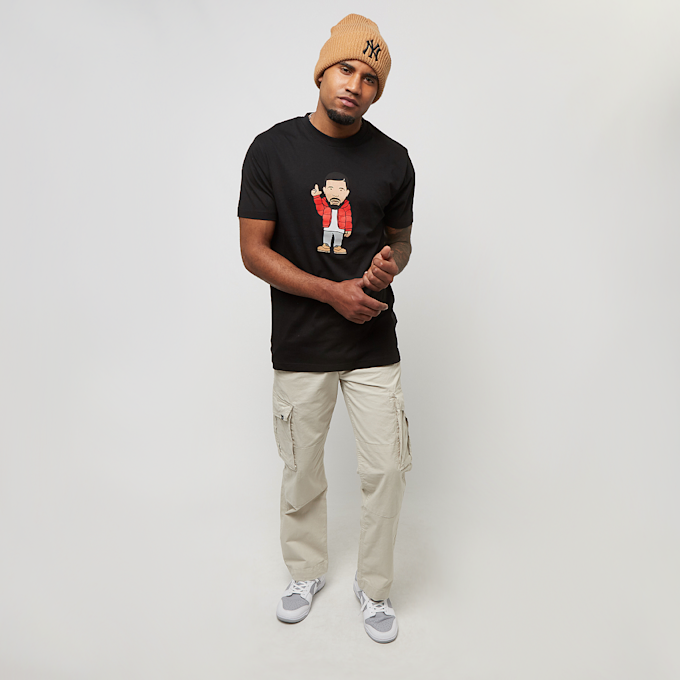 Mister Tee Kanada Sketch Tee zwart 23722 4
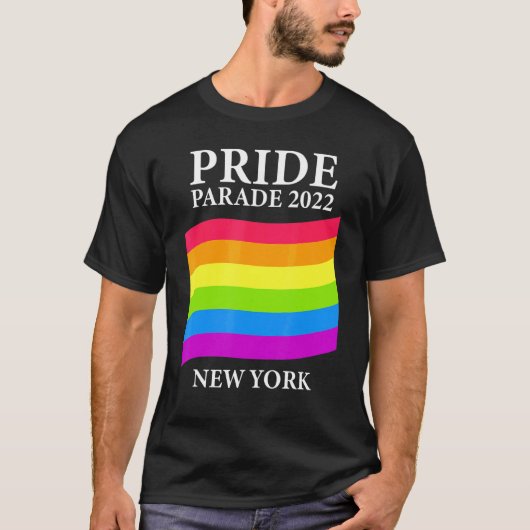 Pride Parade 2022 New York City T-Shirt (Vorderseite)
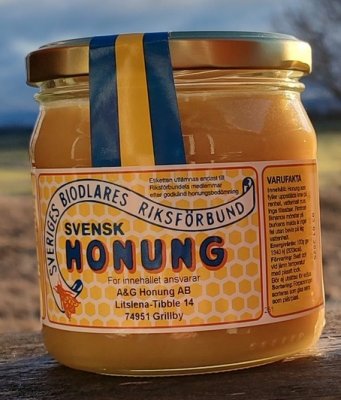 A&G Svensk Honung från Mälardalen 500 g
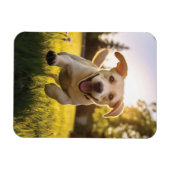 Magnet Flexible Joyeux Labrador Puppy Running (Horizontal)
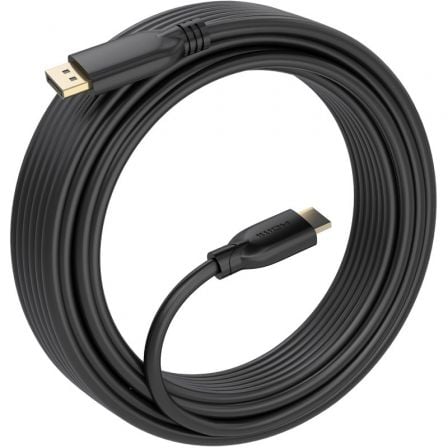 Cable conversor aisens a125-0921/ displayport macho - hdmi 4k macho/ 7m/ negro
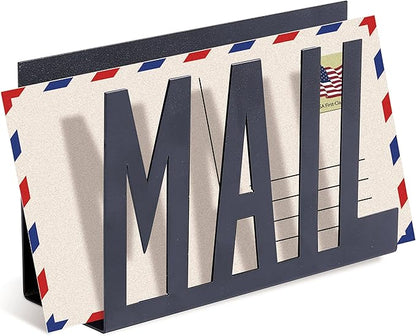 MyGift Mail Holder Organizer Countertop Modern Metal Black by MyGiftHome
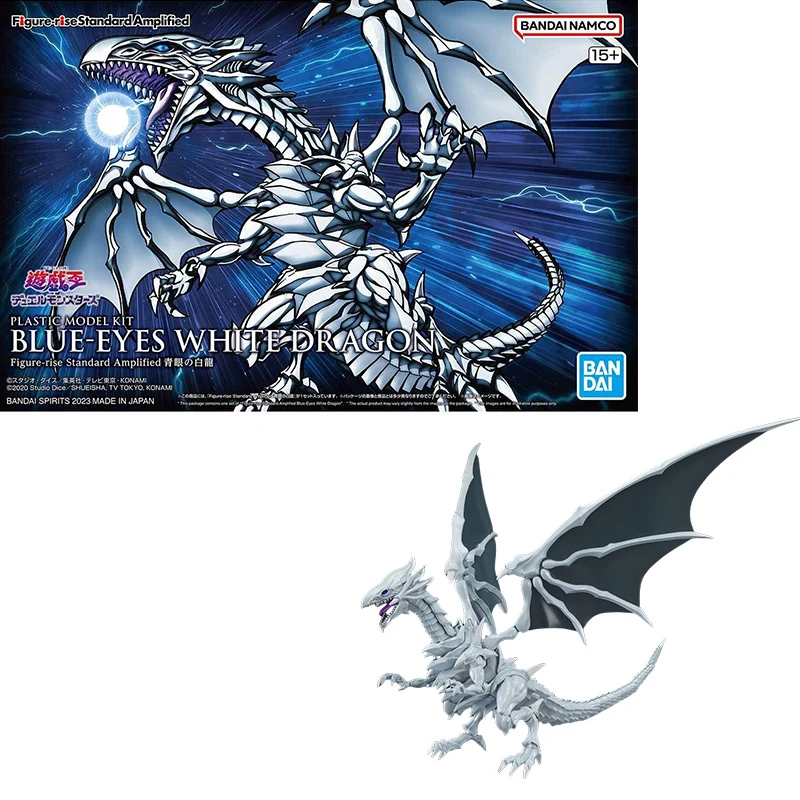 Bandai Genuine FRS Duel Monsters Yu-Gi-Oh! The Legendary Exodia Incarnate Blue Eyes White Dragon Millennium Puzzle Assembly Toy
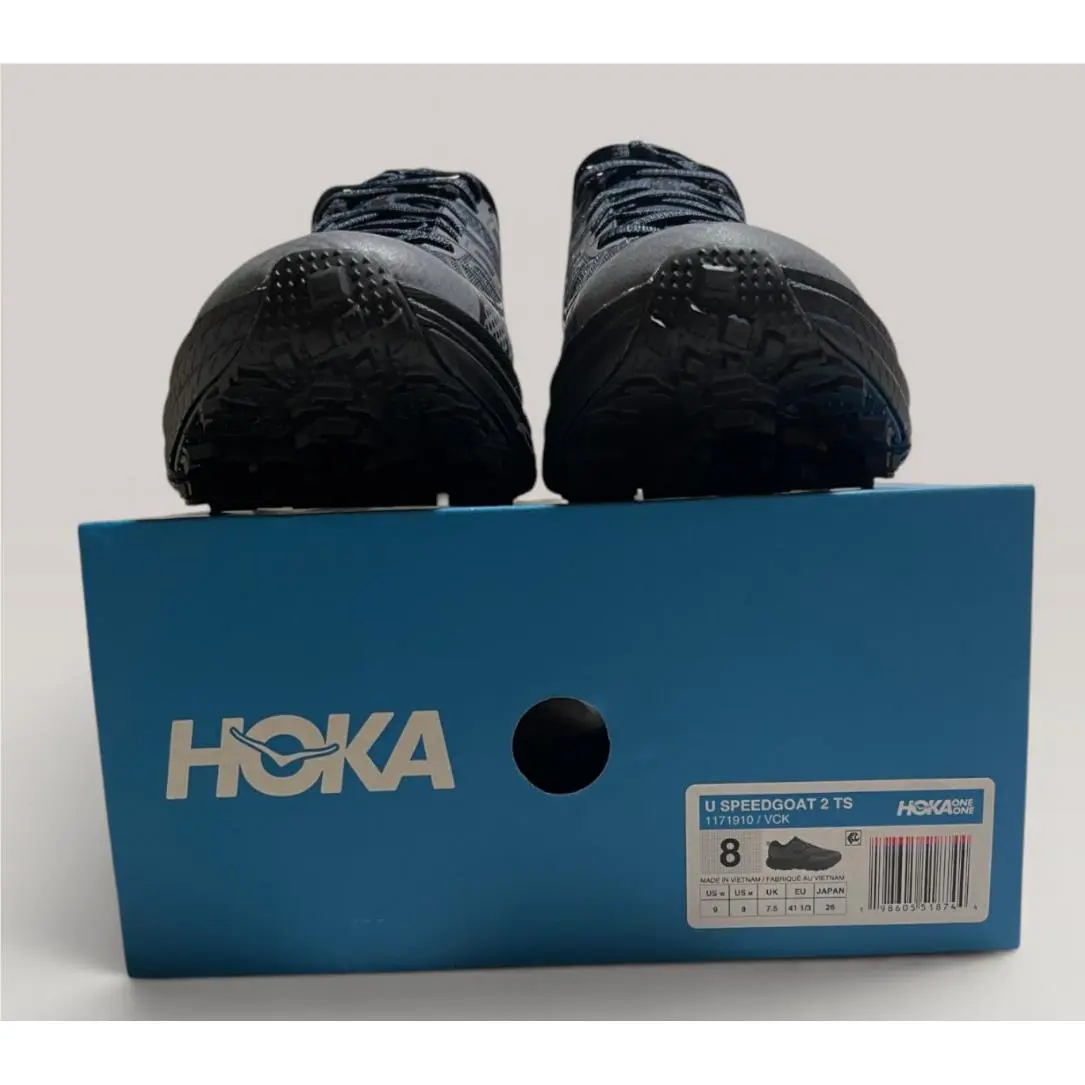 Hoka Speedgoat 2 TS Trail Running Shoes Black Gray Men`s US 8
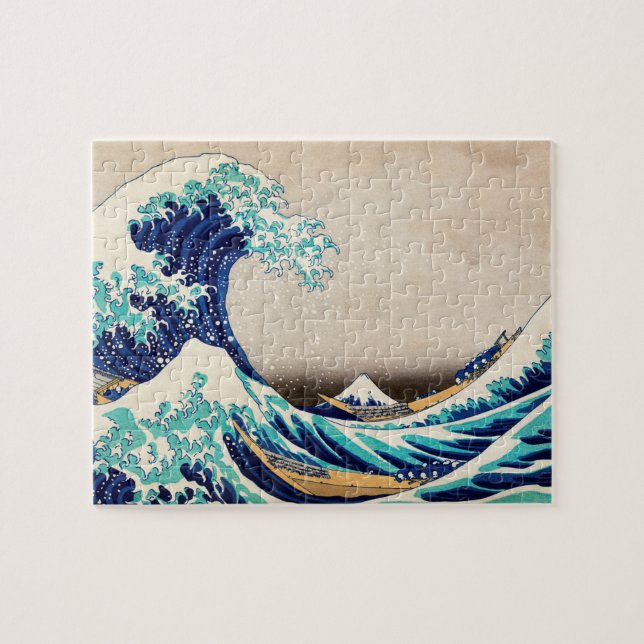 The Great Wave off Kanagawa Vintage Japanese Art Jigsaw Puzzle (Horizontal)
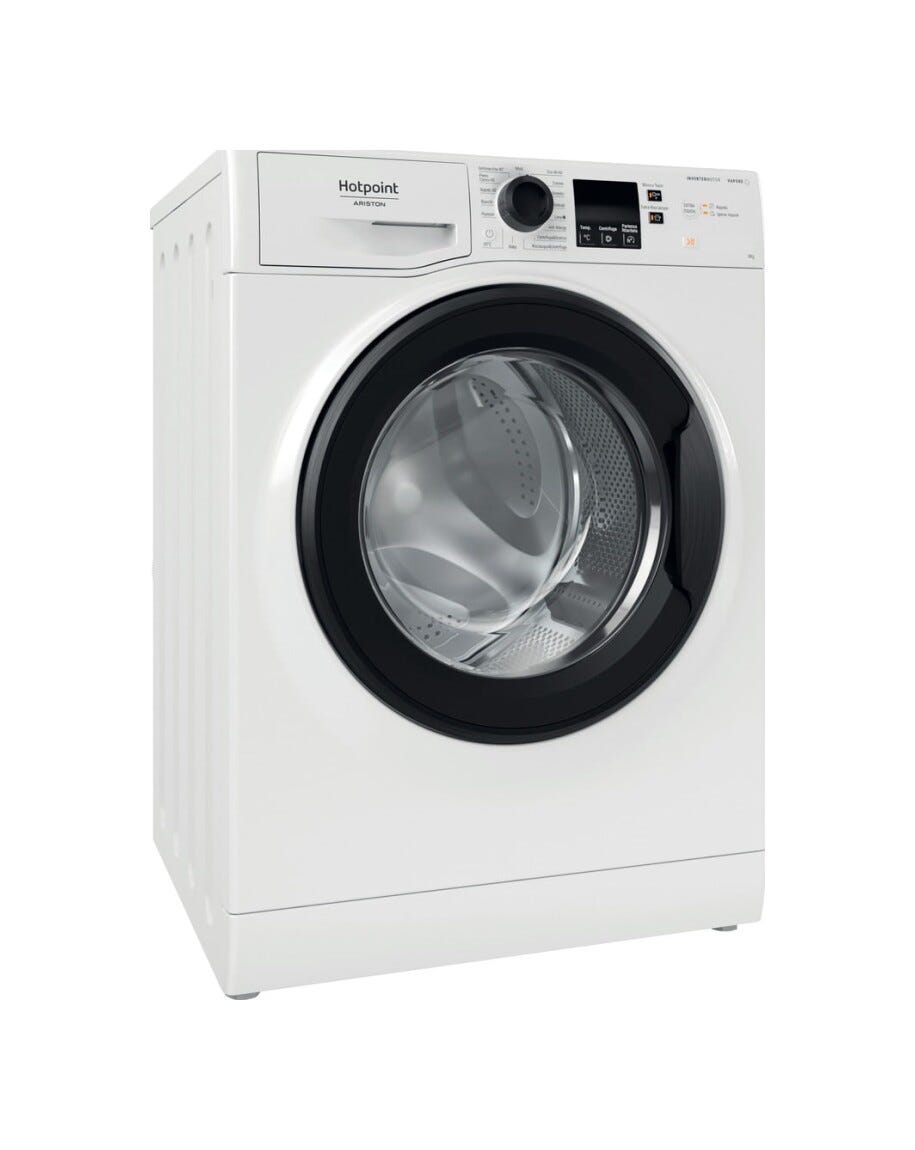 Hotpoint Ariston NF827WK IT Lavatrice cm. 60, capacità 8 kg, Steam Hygiene, motore inverter, bianco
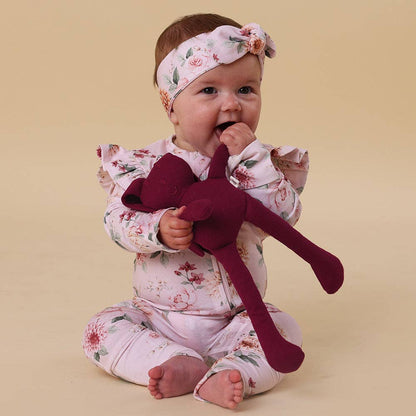 Organic Snuggle Bunny - Raspberry
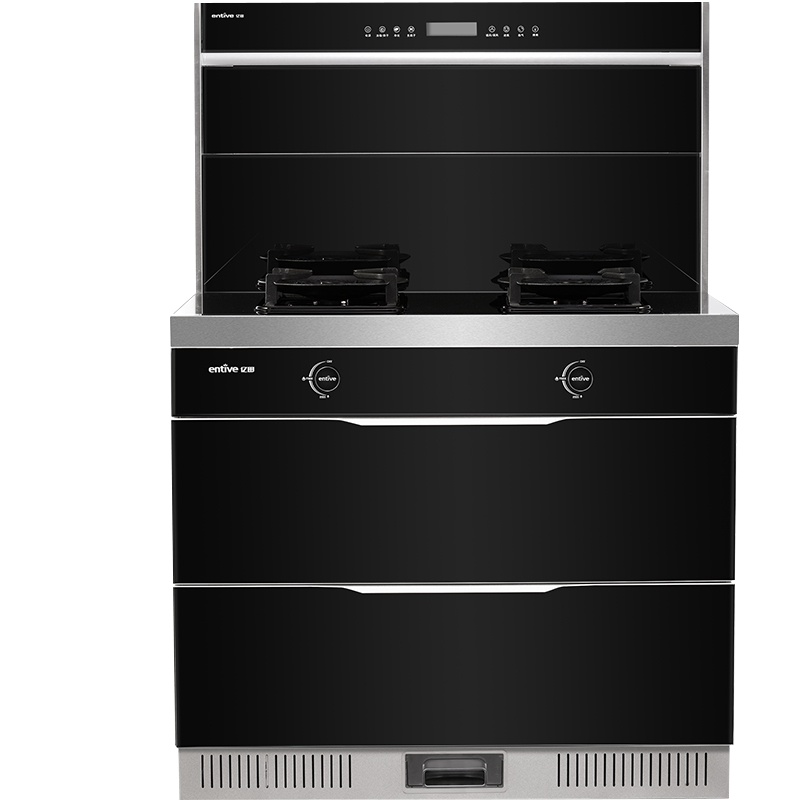 亿田(entive)F2 风隐系列 负离子空气净化 近距离侧吸下排集成灶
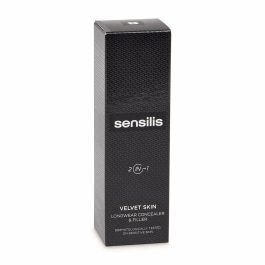 Sensilis #01-light VELVET SKIN Corrector Maquillaje 2 en 1 Rellenador Óptico Anti-Arrugas Luminosidad con Ácido Hialurónico 7 ml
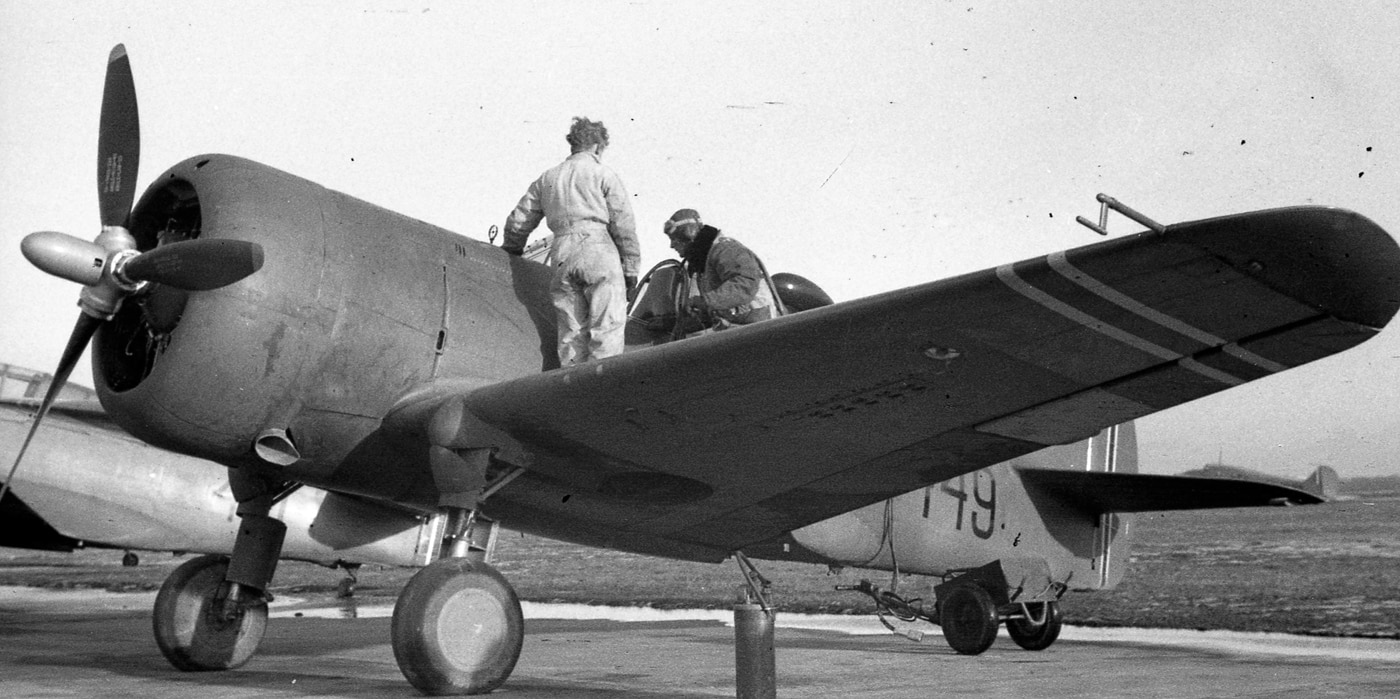 Curtiss P-36 Hawk in Norway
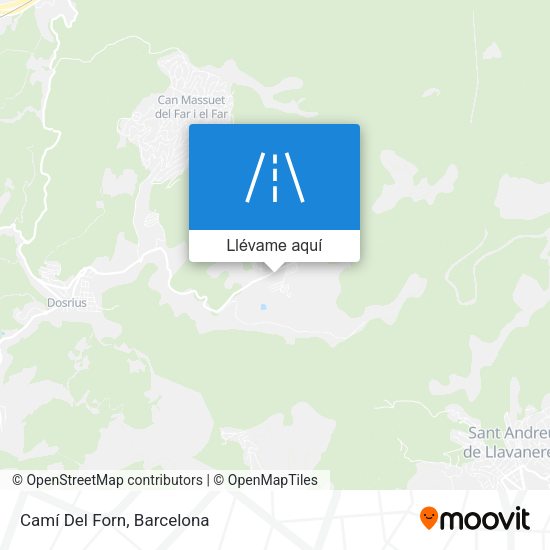 Mapa Camí Del Forn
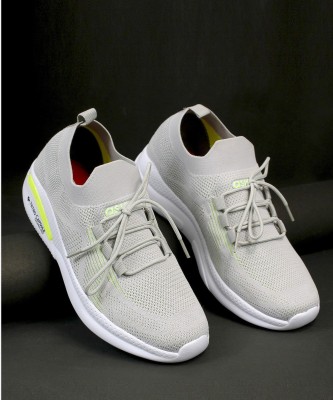 asian Asian Hattrick-21 sports shoes for men | Latest Stylish Casual sneakers for men | running shoes for boys | Lace up lightweight grey shoes for running, walking, gym, trekking, hiking & party Walking Shoes For Men(Grey, Green , 9)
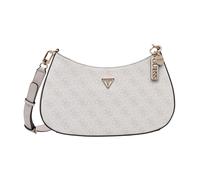 GUESS shoulder bag Noelle II Top Zipper Shoulder Bag Bone Logo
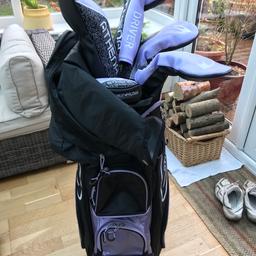 Full set Benross Athena ladies golf clubs, includes driver, hybrids, fairway wood and irons, putter, bag with waterproof cover.
Great condition just over a year old.
Superb starter set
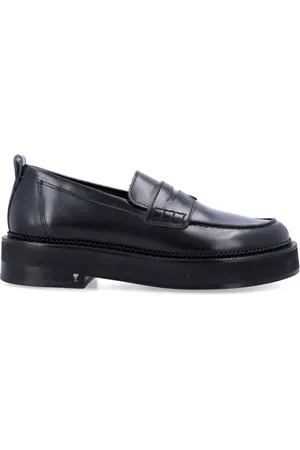 Ami Skor, Herr, 42 EU, Läder, Svarta Chunky Loafers Stängda Skor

PROBLEM TO SOLVE =
Give the lines again exactly, beginning with the first line of the records above and ending with the line that contains "The Great Wave", and include no pictures.

TASK SOLUTION =
 Mister Tee Kanada Sketch Tee zwart 23722 4
 Pride Parade 2022 New York City T-Shirt (Vorderseite)
 A&G Svensk Honung från Mälardalen 500 g
 Magnet Flexible Joyeux Labrador Puppy Running (Horizontal)
 Cable conversor aisens a125-0921/ displayport macho - hdmi 4k macho/ 7m/ negro
 MyGift Mail Holder Organizer Countertop Modern Metal Black by MyGiftHome
 Bandai Genuine FRS Duel Monsters Yu-Gi-Oh! The Legendary Exodia Incarnate Blue Eyes White Dragon Millennium Puzzle Assembly Toy
 Hoka Speedgoat 2 TS Trail Running Shoes Black Gray Men`s US 8
 The Great Wave off Kanagawa Vintage Japanese Art Jigsaw Puzzle (Horizontal)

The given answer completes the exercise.